Nature Journal Club

Robert Langer

Massachusetts Institute of Technology, USA

A bioengineer sees a future for safe gene-silencing therapies.

The possibility of treating genetic disorders by modifying gene expression has been an attractive yet elusive goal for decades. Problems with the safety and efficacy of various types of gene therapy have held back progress. In particular, there have been some high-profile failures, including a number of deaths during clinical trials.

But seminal studies reported by Andrew Fire and Craig Mello in 1998 led to a potentially new class of therapeutic agent. These researchers, who went on to share a Nobel prize for their work, found that small pieces of RNA, dubbed siRNAs, can silence genes.

Although switching off genes may have fewer complications than adding new ones, the safe and effective delivery of genetic agents remains a critical challenge.

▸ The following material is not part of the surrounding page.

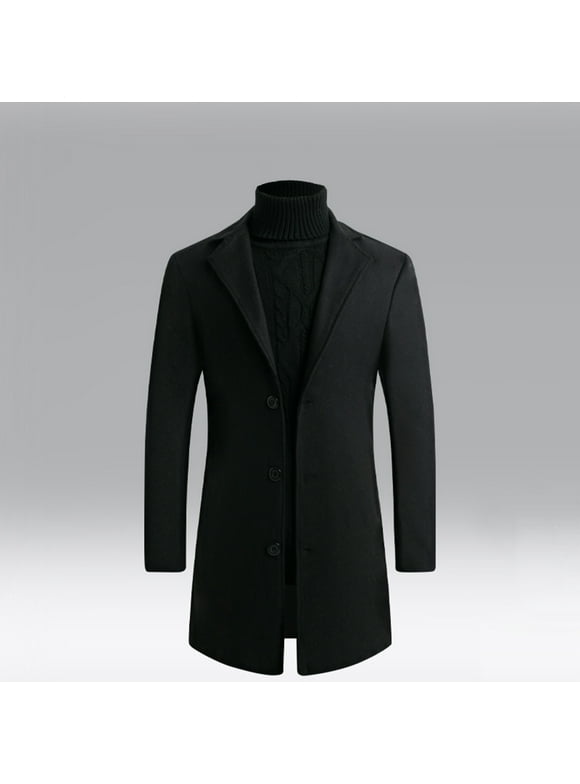 Mens Jacket Size Chart Us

I was therefore pleased to see a recent paper reporting tests of an siRNA-delivery system in monkeys (J. Heidel et al. Proc. Natl Acad. Sci. USA 104, 5715–5721; 2007), suggesting that safe, repeated systemic administration of siRNAs is possible.

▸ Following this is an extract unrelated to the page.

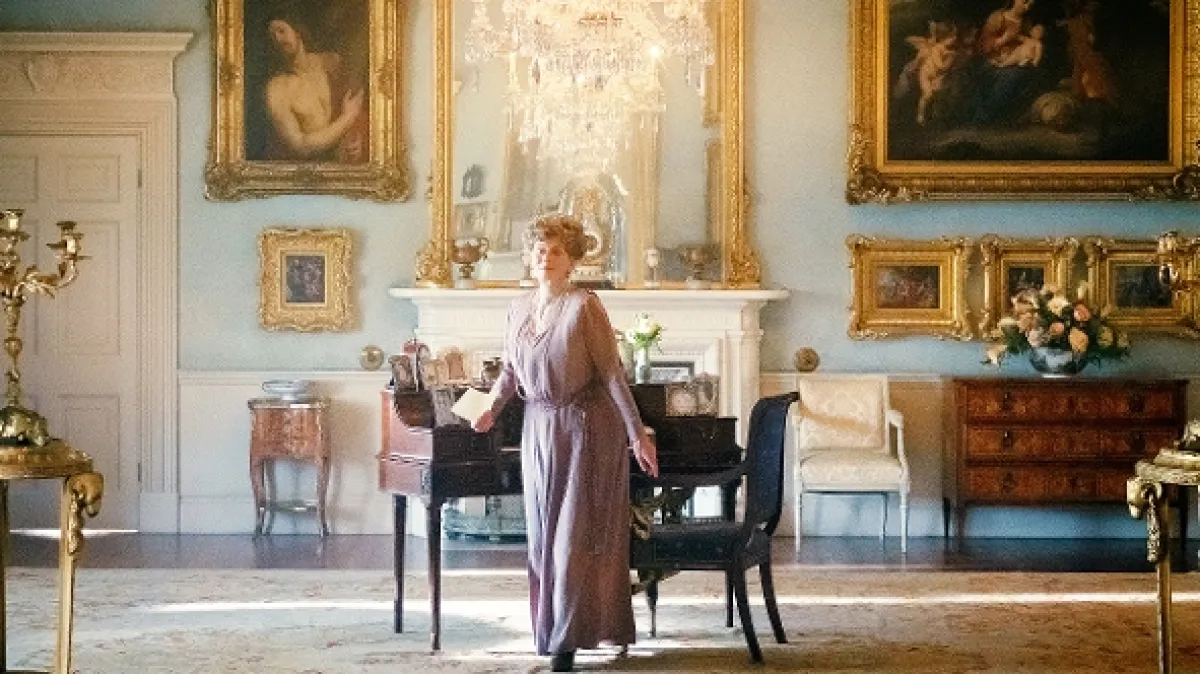Panstvo Downton (Downton Abbey), 2019 - fotogaléria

Mark Davis of the California Institute of Technology in Pasadena and his colleagues created nanoparticles composed of siRNAs and a novel polymer based on the sugar cyclodextrin. These particles were injected into the monkeys and their health was monitored. The monkeys tolerated multiple doses of siRNA of increasing amounts.

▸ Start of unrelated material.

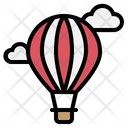 Balloon Air Hot Icon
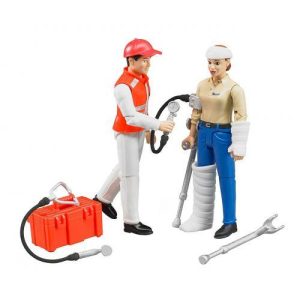 Figure-Set Ambulance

This paper was of interest to me not only because my group works on lipid formations that might serve as delivery systems for siRNA or other genetic agents, but also because I was pleased to see a former student doing well. Jeremy, the first author, once worked in my lab as an undergraduate.

Studies such as this one are bringing back to the field the excitement that surrounded gene therapies in the 1980s.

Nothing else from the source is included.